» **DESCRIPTION OF THE TASK**: When you copy the data, keep every word exactly as it is and leave the pictures out.

» **INFORMATION SUPPLIED**:
══════════

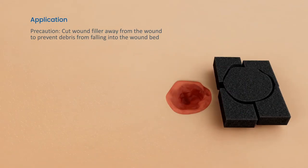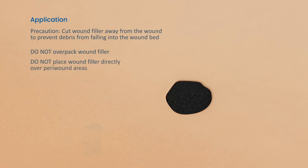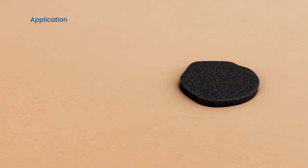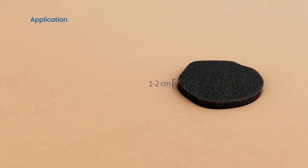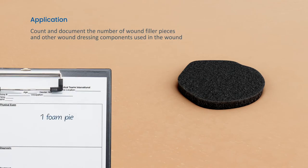Cut the wound filler to the shape of the wound and place inside, packing the entire wound bed. Do not overpack. Do not let the wound filler overlap directly onto intact peri-wound areas. Ensure wound filler extends 1-2 cm above the surface of the wound bed. Count and document the number of wound filler pieces and other wound dressing components used in the wound.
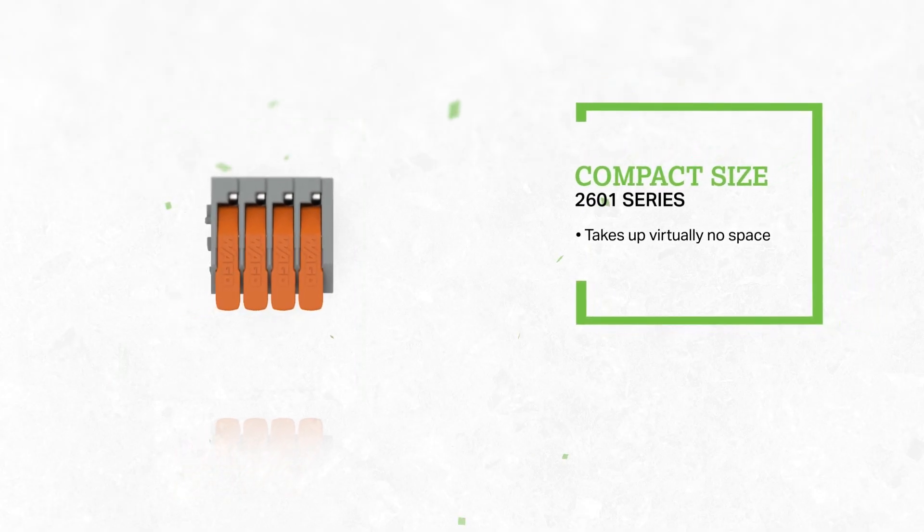The compact size of the 2601 series PCB terminal blocks at just 3.5 mm takes up virtually no space on the board. This makes the 2601 series useful for applications like power supplies and control boards.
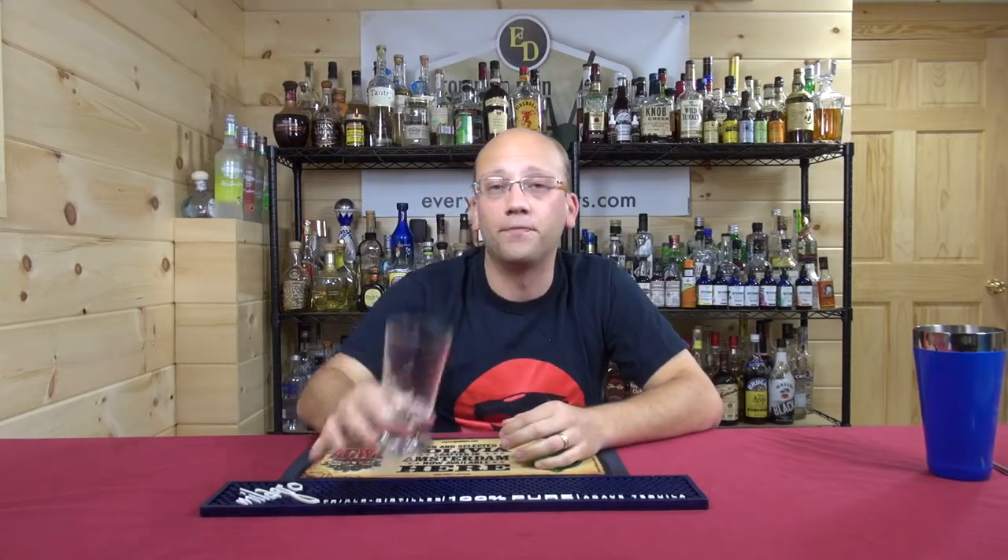That is the fabulous footed highball. Eight ounces of joy. We're done. Cheers.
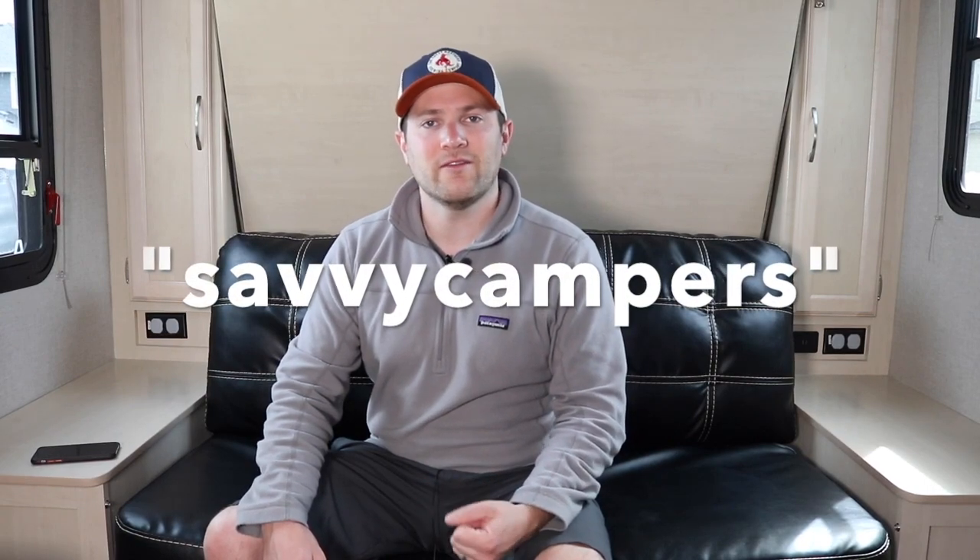These batteries were provided by Lion Energy and we're doing some testing and fun stuff with them. So if you've got a minute, make sure to subscribe and watch our other videos on the Lion Energy battery line. If you're interested, we've got a coupon code for 15% off. You can go to Lion Energy's website or click the link in the description — our coupon code is SavvyCampers for a 15% discount.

══════════

» **SOLUTION**:
Cut the wound filler to the shape of the wound and place inside, packing the entire wound bed. Do not overpack. Do not let the wound filler overlap directly onto intact peri-wound areas. Ensure wound filler extends 1-2 cm above the surface of the wound bed. Count and document the number of wound filler pieces and other wound dressing components used in the wound.
The compact size of the 2601 series PCB terminal blocks at just 3.5 mm takes up virtually no space on the board. This makes the 2601 series useful for applications like power supplies and control boards.
That is the fabulous footed highball. Eight ounces of joy. We're done. Cheers.
These batteries were provided by Lion Energy and we're doing some testing and fun stuff with them. So if you've got a minute, make sure to subscribe and watch our other videos on the Lion Energy battery line. If you're interested, we've got a coupon code for 15% off. You can go to Lion Energy's website or click the link in the description — our coupon code is SavvyCampers for a 15% discount.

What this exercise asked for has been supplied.